Spec good enough for my needs:-

EXTERIOR STYLING • 16" ‘black shadow’ alloy wheels • Chrome front grille surround INTERIOR STYLING • Black Dynamique Nav upholstery • Steering wheel leather-covered DRIVING AND CONTROLS • Hands-free keycard with push button Start/Stop function • Automatic headlights and rain sensitive front wipers COMFORT AND CONVENIENCE • Electric windows - rear COMMUNICATION AND ON-BOARD TECHNOLOGY • 4x35W 3D sound Renault R-Link Multimedia system including 7” touch screen, TomTom® LIVE navigation, DAB FM tuner, Bluetooth®* audio streaming and hands-free calls, and voice control • Rear parking sensors.

 

A lot of car for the money (less than £16K over 5 years capiital cost) IMO and pretty cheap motoring per mile even with battery hire, I would go for the unlimited (25k per year) mileage battery rental at £109 pm. If battery drops below 75% capacity it get replaced, plenty of ICE cars where producing less than 75% after 100,000 mile I found when working on a rolling road.    

Edited by lol-lol

The boot is not huge, but is on par with say a 3 series BMW so not tiny either, still going to be a big improvement on the Yeti (which we just about manage with @ 321L) but this is supposedly because the front and rear seats have been moved towards the front and rear of the car respectively to make it a true 5 seater (a decent shot of this can be seen at 4:58 below)

 

Time will really tell next month when they roll off the production line, currently keeping my options open, me and SWMBO are both 5’8” so will not be an issue anyway (and I have my Superb if masses of legroom is needed.)

 

 

15 hours ago, lol-lol said:

 

 

Deal I am looking at..      Dynamique Nav R90 Z.E. 40 FROM  £22,670.00  (Government pay £4,500)

  • Mandatory battery hire from £59 per month†

 

 

We are a 2 person 2 car family and we only do about 6000 miles per annum in each car (My wifes is a 1.4 Clio). From the Renault site states that the battery hire for 6000 miles per annum is £69 per month. This equates to 13.8ppm before the cost of the electricity is added which is hardly cheap motoring in my book.

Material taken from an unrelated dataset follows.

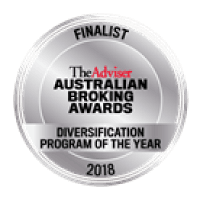 Finalist – Best Independent Office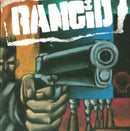 Rancid - Rancid (30th Anniversary) (Splatter Vinyl) (New Vinyl)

If someone just wants a reliable and green car for short trips or commutes to work then a 66 plate Renault Zoe can be had for £13,000, 

and 16 plate for £8,000 or less.

Plenty Free EV Charging in parts of the UK.

Edited by Awayoffski

52 minutes ago, Liger1956 said:

 

We are a 2 person 2 car family and we only do about 6000 miles per annum in each car (My wifes is a 1.4 Clio). From the Renault site states that the battery hire for 6000 miles per annum is £69 per month. This equates to 13.8ppm before the cost of the electricity is added which is hardly cheap motoring in my book.

I looked at electric when replacing the Wife's car and bought her a Fabia Combi 1.2 TSI 110. Yesterday going down to the coast the computer showed a average MPG of 57. I would estimate we are getting high 40's - low 50's overall, so at 6000 miles a year at current fuel prices it is going cost between £650- £700 a year in unleaded, to rent the batteries for a year it will cost £828, whether you drive the car or not and it looks like the minimum rental period is 36 months.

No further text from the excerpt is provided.